Sunday, September 30, 2012

China Miéville’s use of the ampersand in place of ‘and’

Train spotting
Deepanjana Pal
By the time you reach chapter 33 of Railsea, you’ve probably accepted author China Miéville’s use of the ampersand in place of ‘and’ (even at the start of sentences) as an idiosyncrasy. There are odder, more fantastical things that you’ve encountered in the novel, one-third of which is over by now. You’ve met Sham, the young protagonist, and through him been introduced to the large tracts of earth that are considered dangerous and can only be traversed by a looping, tangled network of rails, known as railsea. The predators in Sham’s world are giant, bloodthirsty versions of animals we consider largely harmless, like moles (or “moldywarpes”). You know that here, there are two “layers” of sky and four layers of earth. The railsea is on “flatearth”, the second level, and connects habitable lands (layer three) as well as going off into dangerous, unpeopled terrains. There are ancient stories, blurred by the passage of time, about the beginning of the rails. Now, as far as this civilisation is concerned, the railsea’s eternal continuity is the unshakeable plinth upon which this society rests.
Then in chapter 33, Miéville tells the reader that at one time & was written “with several distinct and separate letters”. Then people learnt to ride the railsea and with it came the use of &. “What word better could there be to symbolise the railsea that connects and separates all lands, than ‘&’ itself?... & what better embodies, in the sweep of the pen, the recurred motion of the trains, than ‘&’?” With that, the idiosyncratic suddenly makes sense and you have to doff your cap to Miéville for how elaborately he has imagined Railsea.
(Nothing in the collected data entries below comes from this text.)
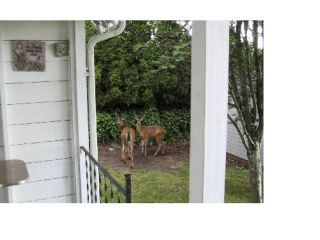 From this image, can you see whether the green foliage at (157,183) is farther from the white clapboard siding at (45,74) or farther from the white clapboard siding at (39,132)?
the white clapboard siding at (45,74)

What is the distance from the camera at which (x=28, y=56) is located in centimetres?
112

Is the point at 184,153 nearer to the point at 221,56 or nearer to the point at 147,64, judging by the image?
the point at 147,64

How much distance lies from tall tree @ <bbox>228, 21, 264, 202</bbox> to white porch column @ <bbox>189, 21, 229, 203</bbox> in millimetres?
322

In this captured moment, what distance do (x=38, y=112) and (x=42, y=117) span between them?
3cm

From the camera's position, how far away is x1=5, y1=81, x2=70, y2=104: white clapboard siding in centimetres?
111

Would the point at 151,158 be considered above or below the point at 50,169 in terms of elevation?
below

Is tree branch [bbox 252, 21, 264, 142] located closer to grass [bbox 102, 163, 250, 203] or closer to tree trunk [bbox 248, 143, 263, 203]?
tree trunk [bbox 248, 143, 263, 203]

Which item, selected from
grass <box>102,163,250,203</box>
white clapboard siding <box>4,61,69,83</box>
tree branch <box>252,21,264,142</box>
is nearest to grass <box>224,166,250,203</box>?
tree branch <box>252,21,264,142</box>

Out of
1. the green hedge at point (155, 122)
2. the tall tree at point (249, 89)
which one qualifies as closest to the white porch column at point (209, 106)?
the tall tree at point (249, 89)

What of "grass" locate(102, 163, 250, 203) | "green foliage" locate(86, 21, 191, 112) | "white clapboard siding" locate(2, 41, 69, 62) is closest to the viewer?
"white clapboard siding" locate(2, 41, 69, 62)

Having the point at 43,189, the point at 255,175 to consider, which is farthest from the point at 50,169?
the point at 255,175

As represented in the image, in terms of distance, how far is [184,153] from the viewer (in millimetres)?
2035

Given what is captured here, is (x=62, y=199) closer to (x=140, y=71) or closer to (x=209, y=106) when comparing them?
(x=209, y=106)

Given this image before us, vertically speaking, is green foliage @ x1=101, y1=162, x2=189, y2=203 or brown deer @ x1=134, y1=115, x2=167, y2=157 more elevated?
brown deer @ x1=134, y1=115, x2=167, y2=157
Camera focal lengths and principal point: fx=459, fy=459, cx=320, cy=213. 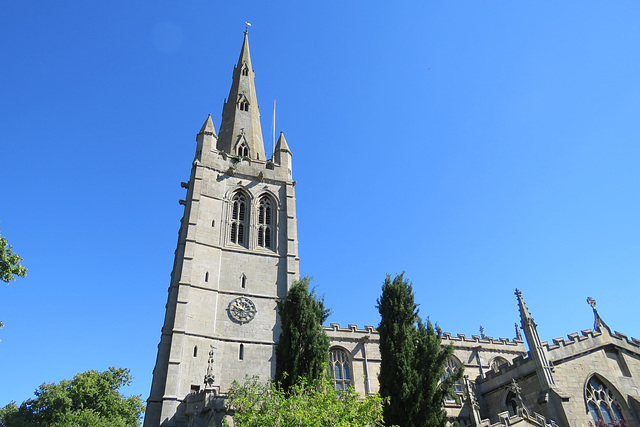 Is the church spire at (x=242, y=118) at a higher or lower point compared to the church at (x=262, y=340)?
higher

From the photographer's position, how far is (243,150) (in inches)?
1567

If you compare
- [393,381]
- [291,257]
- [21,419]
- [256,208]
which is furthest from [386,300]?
[21,419]

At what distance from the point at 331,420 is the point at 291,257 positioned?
2012 cm

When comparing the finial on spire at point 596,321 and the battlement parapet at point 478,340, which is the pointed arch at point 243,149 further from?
the finial on spire at point 596,321

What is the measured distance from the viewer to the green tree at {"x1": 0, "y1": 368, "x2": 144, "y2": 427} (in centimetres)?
3425

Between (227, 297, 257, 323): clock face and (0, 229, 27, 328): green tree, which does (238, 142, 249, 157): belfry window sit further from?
(0, 229, 27, 328): green tree

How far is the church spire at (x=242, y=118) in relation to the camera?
40031 mm

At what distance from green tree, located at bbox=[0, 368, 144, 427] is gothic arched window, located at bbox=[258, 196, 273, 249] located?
17.7 m

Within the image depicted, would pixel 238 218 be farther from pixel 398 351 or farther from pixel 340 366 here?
pixel 398 351

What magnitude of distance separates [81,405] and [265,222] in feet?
67.5

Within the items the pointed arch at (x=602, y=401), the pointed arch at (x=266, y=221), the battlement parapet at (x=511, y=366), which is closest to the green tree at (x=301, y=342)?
the battlement parapet at (x=511, y=366)

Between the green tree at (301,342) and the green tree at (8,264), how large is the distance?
387 inches

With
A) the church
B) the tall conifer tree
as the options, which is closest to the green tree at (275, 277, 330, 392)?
the tall conifer tree

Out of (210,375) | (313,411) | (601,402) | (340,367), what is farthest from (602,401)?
(210,375) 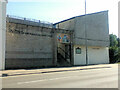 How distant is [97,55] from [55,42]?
12.0m

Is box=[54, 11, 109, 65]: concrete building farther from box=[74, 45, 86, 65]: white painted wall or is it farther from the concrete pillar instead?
the concrete pillar

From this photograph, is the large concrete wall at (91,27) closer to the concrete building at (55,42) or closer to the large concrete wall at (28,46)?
the concrete building at (55,42)

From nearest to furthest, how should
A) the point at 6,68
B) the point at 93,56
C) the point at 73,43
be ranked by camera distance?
1. the point at 6,68
2. the point at 73,43
3. the point at 93,56

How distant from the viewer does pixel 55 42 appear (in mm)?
22250

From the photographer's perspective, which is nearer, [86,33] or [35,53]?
[35,53]

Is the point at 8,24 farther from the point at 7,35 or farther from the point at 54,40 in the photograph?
the point at 54,40

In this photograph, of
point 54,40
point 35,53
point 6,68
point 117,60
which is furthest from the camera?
point 117,60

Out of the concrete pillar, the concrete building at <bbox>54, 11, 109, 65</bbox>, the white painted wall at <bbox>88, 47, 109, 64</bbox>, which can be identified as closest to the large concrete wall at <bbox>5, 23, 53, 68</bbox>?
the concrete pillar

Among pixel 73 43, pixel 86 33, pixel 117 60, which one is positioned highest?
pixel 86 33

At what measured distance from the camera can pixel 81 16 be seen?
87.6ft

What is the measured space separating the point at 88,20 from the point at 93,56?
750cm

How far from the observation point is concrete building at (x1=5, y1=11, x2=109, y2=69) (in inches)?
727

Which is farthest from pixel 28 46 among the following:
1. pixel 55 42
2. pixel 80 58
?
pixel 80 58

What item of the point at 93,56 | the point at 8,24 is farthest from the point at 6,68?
the point at 93,56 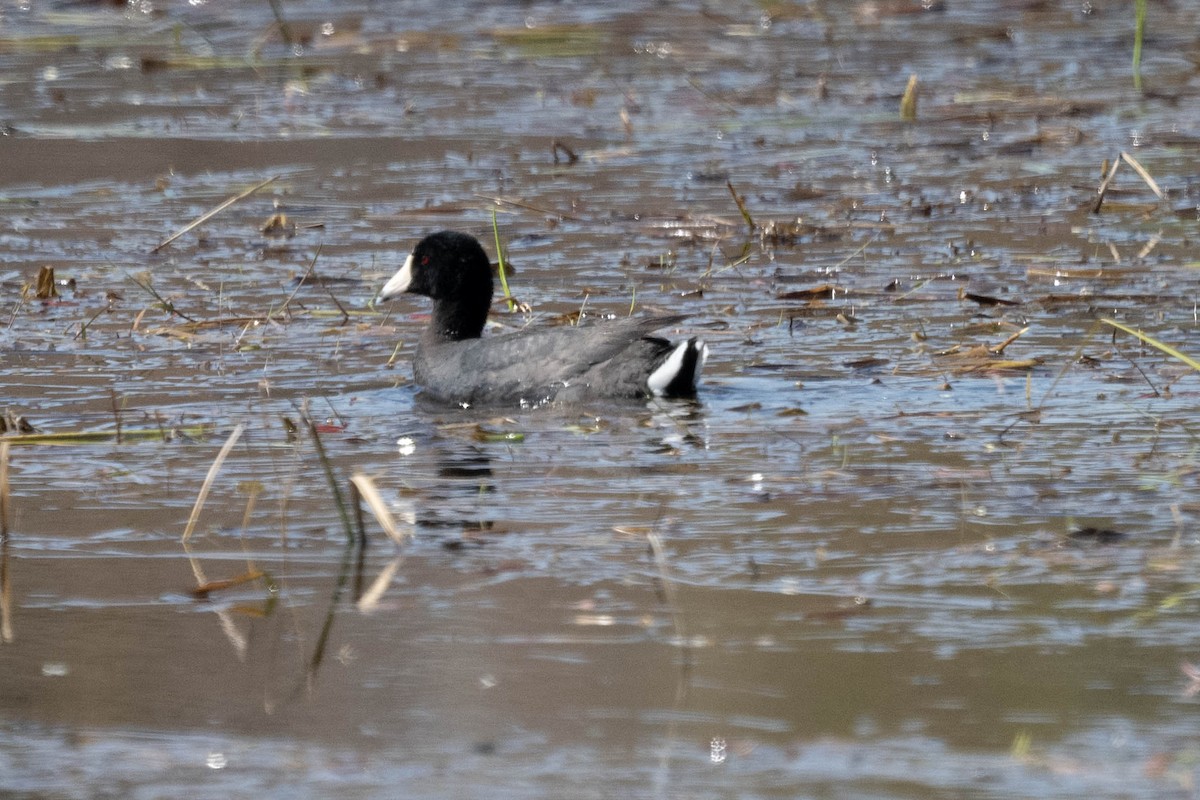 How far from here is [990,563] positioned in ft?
17.1

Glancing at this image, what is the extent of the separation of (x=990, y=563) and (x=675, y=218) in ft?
19.7

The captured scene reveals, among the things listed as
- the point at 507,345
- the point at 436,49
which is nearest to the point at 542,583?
the point at 507,345

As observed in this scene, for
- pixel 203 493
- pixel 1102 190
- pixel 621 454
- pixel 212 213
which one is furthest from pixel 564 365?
pixel 1102 190

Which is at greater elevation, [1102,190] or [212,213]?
[212,213]

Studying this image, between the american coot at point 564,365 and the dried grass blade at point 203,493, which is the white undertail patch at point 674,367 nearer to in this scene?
the american coot at point 564,365

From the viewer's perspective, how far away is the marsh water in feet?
13.8

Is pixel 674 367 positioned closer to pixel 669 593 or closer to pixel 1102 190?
pixel 669 593

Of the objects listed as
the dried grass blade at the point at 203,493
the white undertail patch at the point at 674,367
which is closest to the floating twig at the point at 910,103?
the white undertail patch at the point at 674,367

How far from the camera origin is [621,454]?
6.79 m

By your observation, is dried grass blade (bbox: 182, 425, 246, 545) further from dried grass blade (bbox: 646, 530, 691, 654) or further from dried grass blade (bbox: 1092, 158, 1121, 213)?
dried grass blade (bbox: 1092, 158, 1121, 213)

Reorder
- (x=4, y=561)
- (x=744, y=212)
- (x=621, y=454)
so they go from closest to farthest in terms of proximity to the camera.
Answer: (x=4, y=561) → (x=621, y=454) → (x=744, y=212)

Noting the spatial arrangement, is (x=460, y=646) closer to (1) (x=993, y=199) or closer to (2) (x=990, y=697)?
(2) (x=990, y=697)

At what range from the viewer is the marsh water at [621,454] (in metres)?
4.21

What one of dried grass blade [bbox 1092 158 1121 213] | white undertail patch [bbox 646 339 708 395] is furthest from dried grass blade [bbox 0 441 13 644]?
dried grass blade [bbox 1092 158 1121 213] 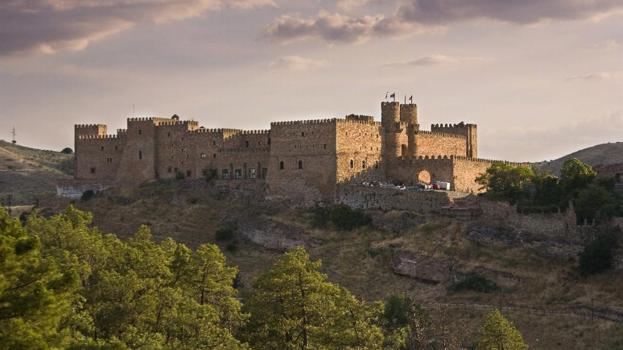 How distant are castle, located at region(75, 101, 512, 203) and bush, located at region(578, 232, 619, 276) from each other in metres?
20.2

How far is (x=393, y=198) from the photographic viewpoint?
79938 mm

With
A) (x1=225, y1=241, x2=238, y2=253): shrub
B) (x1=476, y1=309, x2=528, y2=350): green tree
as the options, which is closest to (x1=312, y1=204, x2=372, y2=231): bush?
(x1=225, y1=241, x2=238, y2=253): shrub

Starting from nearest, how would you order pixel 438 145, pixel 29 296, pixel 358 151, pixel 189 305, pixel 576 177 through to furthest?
pixel 29 296
pixel 189 305
pixel 576 177
pixel 358 151
pixel 438 145

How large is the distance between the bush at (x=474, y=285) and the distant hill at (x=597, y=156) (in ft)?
201

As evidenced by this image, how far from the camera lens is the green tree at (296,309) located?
47.6m

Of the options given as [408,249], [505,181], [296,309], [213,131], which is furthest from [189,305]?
[213,131]

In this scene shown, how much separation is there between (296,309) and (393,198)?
3228 centimetres

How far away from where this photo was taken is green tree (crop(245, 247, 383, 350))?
156 ft

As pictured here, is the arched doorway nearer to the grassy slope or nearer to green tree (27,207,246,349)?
the grassy slope

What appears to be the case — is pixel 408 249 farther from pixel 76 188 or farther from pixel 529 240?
pixel 76 188

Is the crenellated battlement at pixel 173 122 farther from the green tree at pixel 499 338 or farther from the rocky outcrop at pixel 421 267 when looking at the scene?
the green tree at pixel 499 338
The novel presents geography and geology differently from the way we know them and in the pages of the novel is a culture that seems familiar but is also unsettlingly unfamiliar. Child labour is rampant but it isn’t abusive. The most unexpected animals are fearsome, like ants and owls. Words have different meanings. For example, when the captain of a train identifies one particular animal as their personal nemesis and decides to hunt it, that quest is called a philosophy. One of the more evocative parts of the book is when Sham is in a place called Manhiki and in Miéville’s descriptions, Sham’s wonderment at this “mongrel place” is mirrored in the reader. “History seemed meaningless here, or at least bewildered. …shops, stalls & hawkers selling bottles & magnets. Flowers & cameras. Illustrations of beasts & angels punishing the hubristic, sneaking out at night & fixing rails, of swirling-winged birds from beyond the world.”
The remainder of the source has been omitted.